Alex A. Molinaroli - Vice Chairman: I don't think we really have a number for that. I mean, obviously, we've got – we set aside restructuring to help us streamline that business, but we'll provide more color on that as we move forward.
Stephen A. Roell - Chairman, President and CEO: But it's the right question Brian.
Operator: Colin Langan, UBS.
Colin Langan - UBS: Can you just -- you touched on that a couple of questions earlier, but on the Auto Experience, can you talk about the margin progression sequentially from Q3 to Q4, I mean you took some restructuring action this quarter. Should we still see acceleration, because you commented I think on the general trend over time hasn't changed but should we see some improvement again next quarter or is this sort of restructuring is kind of down…?
Stephen A. Roell - Chairman, President and CEO: Colin, I know there is a huge improvement on a year-over-year basis. Q4 is typically a good quarter for us, even though we do have some business shutdown impact in Europe. So, I don't have on the top of my head, I don't have the margins for Auto in Q4. I know they're up, but I don't know it's up as much as we have it here in this quarter.
Colin Langan - UBS: And any color on the restructuring benefit I mean is most of it done in Q3, I mean you took some more this quarter, so that would be really seeing into next year's results?
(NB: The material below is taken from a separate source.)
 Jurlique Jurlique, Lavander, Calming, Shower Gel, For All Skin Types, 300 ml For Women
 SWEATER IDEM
Stephen A. Roell - Chairman, President and CEO: Yeah, yeah, the things that we took this quarter are definitely not 2013 items and but as I said in my comments, we're still gaining momentum in terms of restructuring. So, there is more tailwind in Q4 than there was in Q3.
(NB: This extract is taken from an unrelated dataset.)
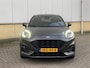 Ford Puma 1.0 EcoBoost Hybrid ST-Line 125 pk Navigatie - Apple Carplay/Android Auto - Winterpack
Colin Langan - UBS: And can you provide a little color on, you said they were some other charges in Auto Experience that sort of off that gain, I mean any numbers around that would be helpful?
Stephen A. Roell - Chairman, President and CEO: Yeah, it was like $20 million. So then that is the two items like $9 million, say $0.01 of share of that equates to and like I said, the charges related to litigation reserves and what we've seen there is an uptick in product liability losses and it really has to do with the period of which the ROE customers were bankrupt. So pre-bankruptcy cases – I think and we're not unique here is what you're going to see is, suppliers and the OEs were generally standing shoulder to shoulder, and when we had a product liability case, we generally paid a significantly lower amount than the OE. So we contributed to the settlement. Now you've got cases where the OE is standing beside us and we're seeing sympathetic juries awarding large sums of money and we're standing by ourself, so I think you're going to see in the industry that trend sort of pick up, so we had some losses on that, that were not normal and then the other item that I talked about was just related to cost associated with our downsizing in South America. So in South America, we've talked about going from like 11 plans to 3 or 4 and so there's just changes related to that downsizing.
Colin Langan - UBS: And the litigation reserve, that's in your North America margin still, even though it's 7%?
R. Bruce McDonald - EVP and CFO: Yup.
Glen Ponczak - VP, IR: Thanks everybody for calling. Dave Urban and I are available of course through the rest of the day for your follow-up questions, and I'll turn it over to Steve for some concluding comments.
Stephen A. Roell - Chairman, President and CEO: Yeah. Just real quick. I think we were very pleased of quarter as Bruce mentioned, I think we gained credibility back. but we understand we've got ways to go here. We got great momentum in our businesses, and I think the fact that we expect strong earnings across all three of our reported businesses, but really as we talked to – responded to questions, it goes beyond that. We've got good growth and good prospects into the subsets of all three. So we feel very good, because it is on awful lot of our legs and thank you much for coming on and we look forward to the call at the end of Q4, and having a record year. Thank you very much.
Glen Ponczak - VP, IR: Thank you.
Operator: Thank you. This concludes the conference. Thank you all for participating. You may now disconnect.